The Islamic State, such as it is, is a dangerous place, and Wood’s book amounts to a tour around its far edges, where it can be safely traversed. And so we sit down with Hesham Elashry, a suit tailor in Cairo who tries to convert Wood to his Salafist ways. We meet Yasir Qadhi, a Houston-born scholar who abandoned his hard-line views and earned a Ph.D. at Yale. We tag along with Wood as he travels to Footscray, Australia, to meet a jihad-minded young man named Musa Cerantonio, who writes about ISIS on Twitter and Facebook, and who follows an obscure strain of doctrinaire Islam, popular in the Islamic State, known as Dhahirism. And we trace the path of John Georgelas, a.k.a.
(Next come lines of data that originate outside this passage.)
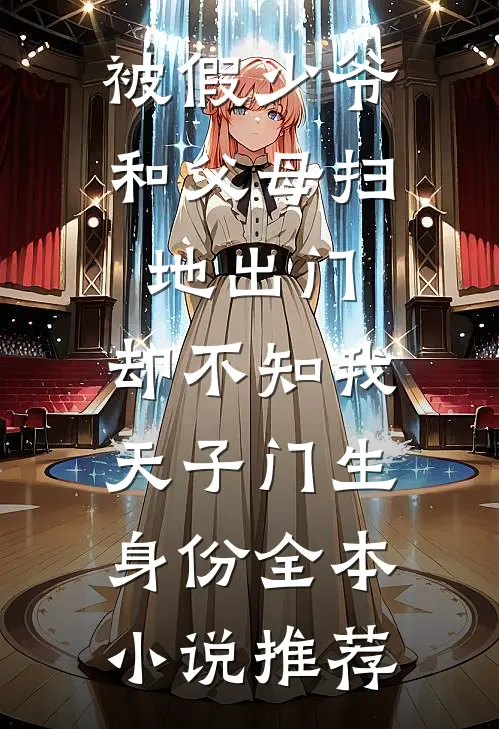 被假少爷和父母扫地出门，却不知我天子门生身份全本小说推荐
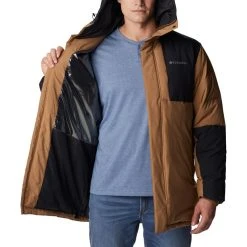 Columbia Aldercrest Down Parka, Herre 10 Columbia Aldercrest Down Parka, Herre -Devlid shop 512509 COLUMBIA M Aldercrest Down Parka 2008463 257 2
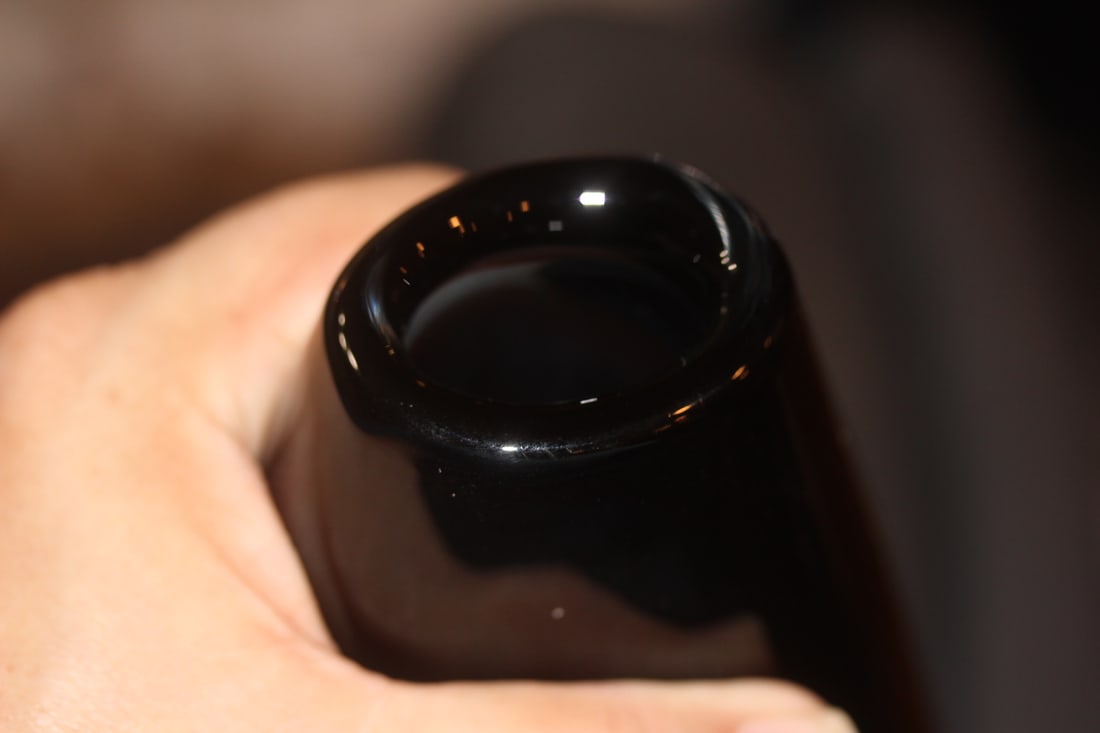 Orrefors Art Glass Vase - 5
Yahya Abu Hassan ibn Sharaf, a native of Plano, Tex., who rebelled against his middle-class upbringing, converted to Islam and made the pilgrimage to Syria in 2013 to join the Islamic State; he was wounded soon after and since then has been one of the group’s chief propagandists. Together, Wood’s conversations amount to a thorough discussion of the theological underpinnings of the Islamic State.
Still, while “The Way of the Strangers” has its moments, I often found myself wondering how useful all this theology really is. The first problem with Wood’s argument is the people he has chosen to speak for ISIS; with the exception of Georgelas, whom Wood did not meet, none of the characters featured in his book have actually fought for, or even joined, the Islamic State. They are fellow travelers, whose zealotry has not brought them to join the group they claim to support. Cerantonio, the Australian, lives with his mother. Elashry, the tailor, complains that he is “too old” to travel to Syria or Iraq. While I sympathize with the obvious logistical challenges involved in trying to sit down with real-live ISIS theologians, the armchair quality of the people Wood features here can make his discussions feel abstract. If the subtitle of your book is going to be “Encounters With the Islamic State,” then you owe it to your readers to get closer than London or Footscray.
That leads to another, broader problem with Wood’s discussion. Is religion really that important to these people? Wood does not discount the presence of “dullards and goofballs” in the movement, but he is adamant that Islam is at the heart of the engine that drives not just the Islamic State’s leaders, but also its fighters. “The foot soldiers view their mission in religious terms and spend great energy on piety and devotion.”
Assessing human motives is always a tricky game, even when we are trying to decipher our own. While I don’t deny that Islam provides the framework within which ISIS operates, describing the group as essentially a bunch of religious fanatics strikes me as simplistic. My own experience in the Muslim world, and especially in Iraq, was that the motivations for joining a militant organization were varied and complex. Some fighters joined because they hated a rival group — Shiites, say. Others took up arms because they were seeking revenge for a wrong done to their family — by the American Army, say. Still others became militant because doing so offered them an unparalleled chance to rob, rape and kill. Abu Musab Al-Zarqawi, who founded Al Qaeda in Iraq — ISIS’ precursor — was a thug and a gangster who used Islam to justify what he was doing anyway.
Did Mohammed Emwazi, the British-born Muslim who became known as “Jihadi John” for personally beheading Western hostages, really join ISIS to get closer to God? Groups like Al Qaeda and ISIS have always struck me as primarily death cults: Murder first, pray later. All the better if you can find sacred texts to justify your actions, of course. But murder just the same.
Dexter Filkins, a former Baghdad correspondent for The Times, is a staff writer at The New Yorker and the author of “The Forever War.”